Other toys, such as a child’s CD or cassette player, can be played with for years. Children can dance to it, tell stories and nursery rhymes and use the karaoke feature for performing. Parents can record favourite stories for bedtime and children can listen to a story over and over again. Young children can easily work the machine themselves if they are shown how.
Playing with a computer or tablet can provide many learning opportunities for children and is just one of the many ways for them to learn about the world around them. There are lots of exciting websites to explore and good software which children love. The best computer-based learning experiences come from a truly worthwhile activity which allows children to be in control. For example, using a paint program to “draw” a picture or to explore using colours and shapes in different ways. Some software also allows children to experiment and try things out, for example an interactive story which encourages children to make choices and decisions.
Don’t worry if you don’t have a computer at home. Most libraries have them, and you can usually reserve time at a computer so you can use it during a visit to choose books or listen to a story.
When you have found a good website, help children to load it themselves. Sit with them when looking at a new screen and help them to explore the possibilities. Don’t spend too long at a computer and don’t leave your child too long alone at the computer. About 20–30 minutes is long enough.
It often amazes parents how quickly children learn to use a mouse.
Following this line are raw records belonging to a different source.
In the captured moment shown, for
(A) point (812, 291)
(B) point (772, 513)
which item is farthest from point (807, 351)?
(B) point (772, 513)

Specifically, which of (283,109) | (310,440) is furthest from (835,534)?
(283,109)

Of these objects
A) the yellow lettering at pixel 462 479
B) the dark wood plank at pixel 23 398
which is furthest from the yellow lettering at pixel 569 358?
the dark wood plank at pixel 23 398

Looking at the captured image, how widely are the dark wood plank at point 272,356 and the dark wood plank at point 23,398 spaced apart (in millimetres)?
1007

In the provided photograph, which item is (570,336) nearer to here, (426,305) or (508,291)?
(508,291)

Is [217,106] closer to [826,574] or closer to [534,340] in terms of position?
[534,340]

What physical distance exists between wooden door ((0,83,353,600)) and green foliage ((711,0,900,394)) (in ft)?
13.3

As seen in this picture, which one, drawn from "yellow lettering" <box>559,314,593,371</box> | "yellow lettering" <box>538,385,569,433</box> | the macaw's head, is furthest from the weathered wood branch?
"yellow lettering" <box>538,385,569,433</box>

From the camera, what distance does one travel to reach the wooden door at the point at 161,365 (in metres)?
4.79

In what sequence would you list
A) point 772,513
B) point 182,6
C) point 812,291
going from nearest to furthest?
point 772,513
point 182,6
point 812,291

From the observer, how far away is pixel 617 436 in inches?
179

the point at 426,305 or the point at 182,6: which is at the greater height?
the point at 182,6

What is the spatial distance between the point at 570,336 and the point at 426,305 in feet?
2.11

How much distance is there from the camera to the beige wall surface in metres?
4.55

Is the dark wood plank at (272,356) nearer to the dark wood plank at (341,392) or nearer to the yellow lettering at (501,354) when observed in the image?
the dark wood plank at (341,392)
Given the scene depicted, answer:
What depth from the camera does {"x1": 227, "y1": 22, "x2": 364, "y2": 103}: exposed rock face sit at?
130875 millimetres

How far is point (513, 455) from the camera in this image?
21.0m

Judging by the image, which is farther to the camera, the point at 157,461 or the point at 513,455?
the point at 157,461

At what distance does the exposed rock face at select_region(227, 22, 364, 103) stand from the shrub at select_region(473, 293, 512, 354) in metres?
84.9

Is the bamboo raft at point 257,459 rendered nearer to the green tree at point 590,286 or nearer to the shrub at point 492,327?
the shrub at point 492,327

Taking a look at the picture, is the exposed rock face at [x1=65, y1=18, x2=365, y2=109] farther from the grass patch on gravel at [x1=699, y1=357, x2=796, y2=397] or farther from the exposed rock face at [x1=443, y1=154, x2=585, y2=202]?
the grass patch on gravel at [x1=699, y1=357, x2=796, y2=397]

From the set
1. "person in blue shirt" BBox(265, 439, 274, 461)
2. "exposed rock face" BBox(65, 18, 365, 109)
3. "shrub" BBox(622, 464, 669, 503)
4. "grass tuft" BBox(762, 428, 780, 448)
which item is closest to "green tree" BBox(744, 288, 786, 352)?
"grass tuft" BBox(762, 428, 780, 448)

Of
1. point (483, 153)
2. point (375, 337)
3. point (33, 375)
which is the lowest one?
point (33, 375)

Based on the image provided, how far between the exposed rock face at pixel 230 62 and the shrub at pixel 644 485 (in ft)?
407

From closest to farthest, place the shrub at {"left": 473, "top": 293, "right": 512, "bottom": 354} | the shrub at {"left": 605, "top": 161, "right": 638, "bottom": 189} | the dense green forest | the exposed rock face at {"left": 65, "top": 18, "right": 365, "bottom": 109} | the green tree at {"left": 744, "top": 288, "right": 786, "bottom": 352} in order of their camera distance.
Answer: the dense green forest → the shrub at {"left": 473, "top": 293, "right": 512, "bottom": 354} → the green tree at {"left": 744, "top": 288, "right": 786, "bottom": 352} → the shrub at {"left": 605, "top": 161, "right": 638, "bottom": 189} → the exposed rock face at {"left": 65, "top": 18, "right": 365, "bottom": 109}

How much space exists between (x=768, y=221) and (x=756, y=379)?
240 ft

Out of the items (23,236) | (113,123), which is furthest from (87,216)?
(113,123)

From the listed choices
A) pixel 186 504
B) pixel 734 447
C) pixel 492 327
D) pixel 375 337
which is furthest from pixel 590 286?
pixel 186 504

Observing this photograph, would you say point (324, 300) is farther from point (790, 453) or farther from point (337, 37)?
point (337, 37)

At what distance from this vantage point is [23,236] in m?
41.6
Talk to them using the correct ICT language – screen, toolbar, website, software, mouse, keyboard – and show them how to save and print. (If you need computer training yourself, contact LearnDirect)
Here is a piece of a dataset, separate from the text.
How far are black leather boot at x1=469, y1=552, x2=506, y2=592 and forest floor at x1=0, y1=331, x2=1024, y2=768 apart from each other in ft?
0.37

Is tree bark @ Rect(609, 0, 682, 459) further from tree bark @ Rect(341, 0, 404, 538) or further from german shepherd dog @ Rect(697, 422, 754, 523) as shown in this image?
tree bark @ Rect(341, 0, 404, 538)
Show children how to use the computer properly: how to draw using simple programmes and how to get to the websites they’re interested in. If you use the computer for work or to store other important information, show children what your work looks like. Ask them to come and find you if your work is on screen when they go to play with the computer or, if you’re happy for them to save your work, show them how to do this. It’s also a good idea to show children what a virus warning looks like on your computer. Tell them to come running if they see one of these!
When buying or borrowing software, choose a programme with creative ideas and lots of new things to find out. For example, a painting program such as 2Simple encourages free drawing on the computer. Using Microsoft Word, which is loaded on most PCs, you can type in a story as a child tells it in their own words. If you leave some room on the page and print it out, the child can draw pictures to go with the story, making them both writer and illustrator.
If you own a smartphone, digital camera, a scanner or a digital video recorder you can have lots of fun with children. A 4-year-old is perfectly capable of taking digital photos and printing the results – though do remember to put the camera strap around the child’s neck first. Accidents can happen!
Scanners can be used to take copies of children’s paintings, drawings, writing, weaving or needlework. It is quite easy to scan 3D objects and artwork, and you can use any of these to make books or posters.
Children love to be videoed as they dance, sing, tell a story, dress up, play with friends or make a cake. A child’s self-esteem is a precious and fragile thing. Watch it grow as you play back a video.
And finally …
Don’t be afraid of technology, or think it is has nothing to offer young children. They have been born into the digital world and encouraging them to make use of this technology will ensure that they develop confidence in making it work for them.
Lynn Kennington was head of Gamesley Children’s Centre for 25 years. The centre is regarded as a beacon of excellent practice in the world of ICT in the early years and has received several awards for good ICT practice. The centre staff train staff all over the country in ICT practice and how to thread it through the curriculum and play.